* **WHAT TO PRODUCE**
Quote only the lines that start at the line with "10番目に大きい |ヒルマフクリント ポストカード" and run to the end of the entries; omit the pictures.

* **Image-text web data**
============
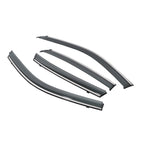 Premium Mug Style Window Visor Rain Guard for Honda Civic Sedan (2022–2026)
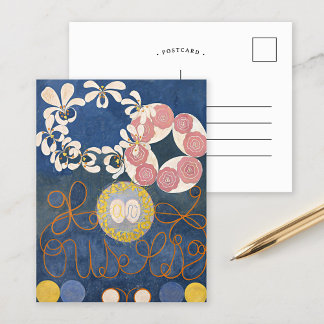 10番目に大きい |ヒルマフクリント ポストカード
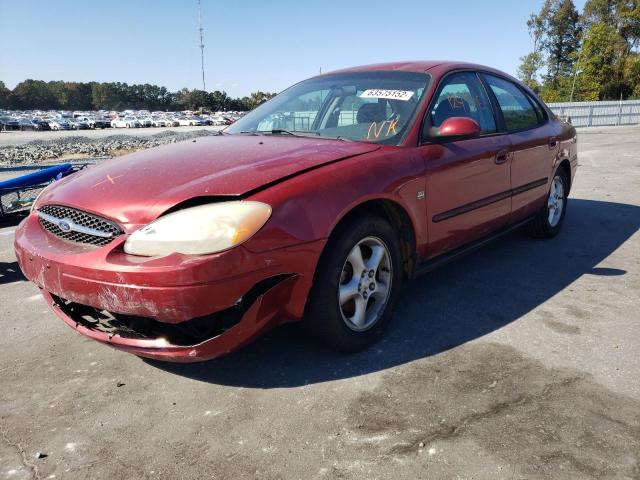 Photo 2 from auction – 2001 FORD TAURUS SES with VIN 1FAFP55S11A158085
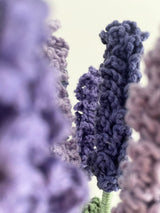 Hæklet Lavendel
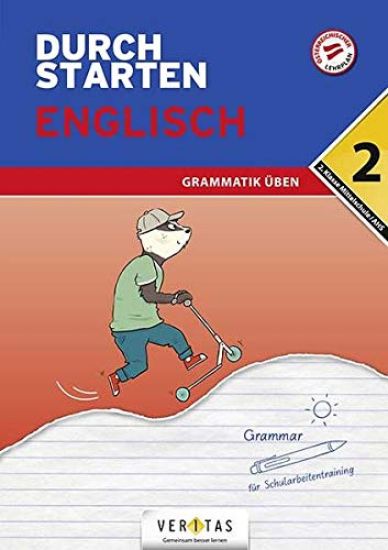 Durchstarten 2. Klasse - Englisch Mittelschule/AHS - Grammatik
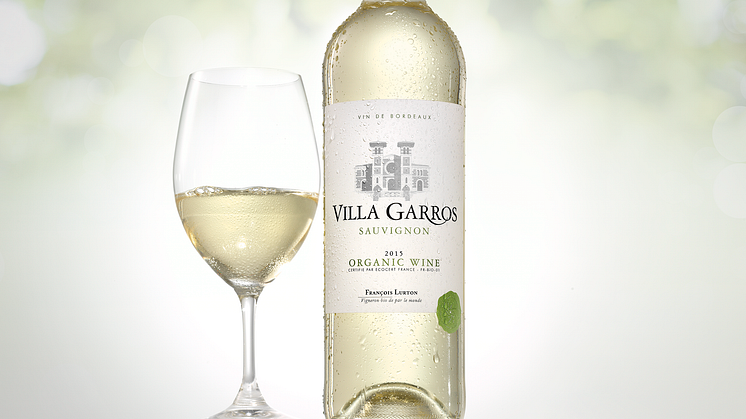 Villa Garros Sauvignon – nu ekologiskt!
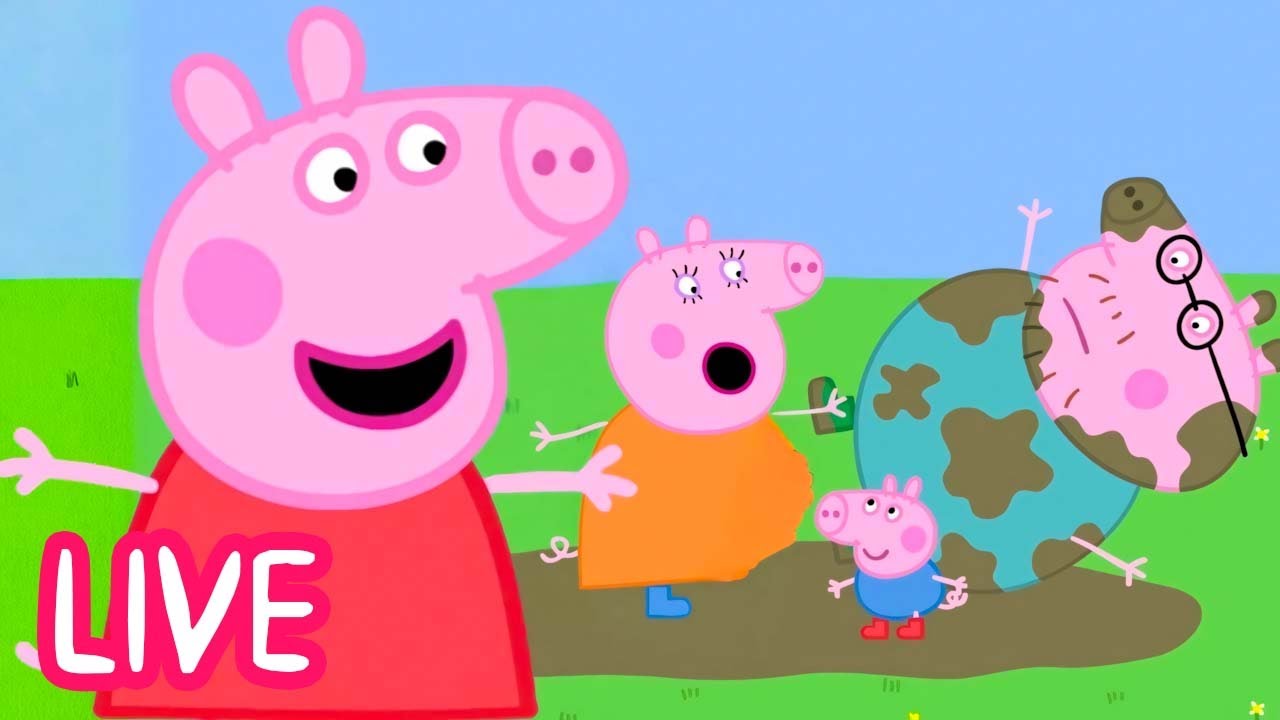Peppa Pig 🐷 Peppa adore les flaques de boue ! 💦🐷 Dessins animés en français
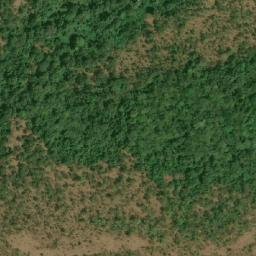 Satellite imagery of Mont Anzé, CF
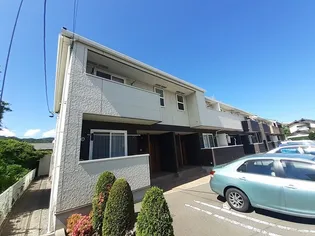 【2LDK・南向き 】ファイングランツ B  202号室【2階】の外観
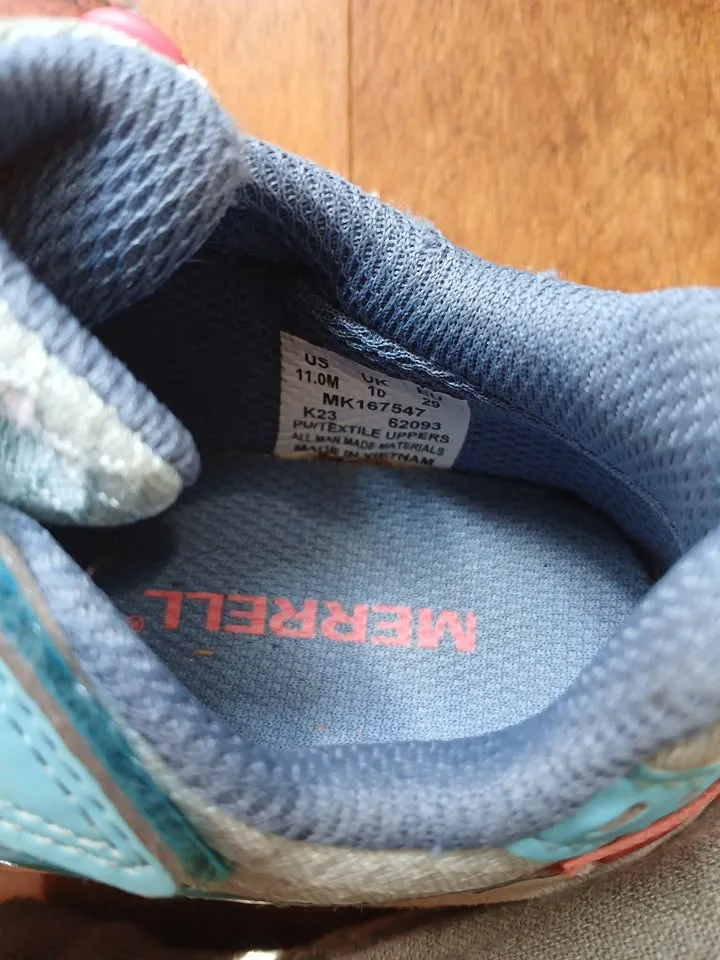 Merrell kids hiking boots - Size 11 image indicator(2)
============
* **REPLY**
 10番目に大きい |ヒルマフクリント ポストカード
 Photo 2 from auction – 2001 FORD TAURUS SES with VIN 1FAFP55S11A158085
 Hæklet Lavendel
 Durchstarten 2. Klasse - Englisch Mittelschule/AHS - Grammatik
 Villa Garros Sauvignon – nu ekologiskt!
Peppa Pig 🐷 Peppa adore les flaques de boue ! 💦🐷 Dessins animés en français
 Satellite imagery of Mont Anzé, CF
 【2LDK・南向き 】ファイングランツ B  202号室【2階】の外観
 Merrell kids hiking boots - Size 11 image indicator(2)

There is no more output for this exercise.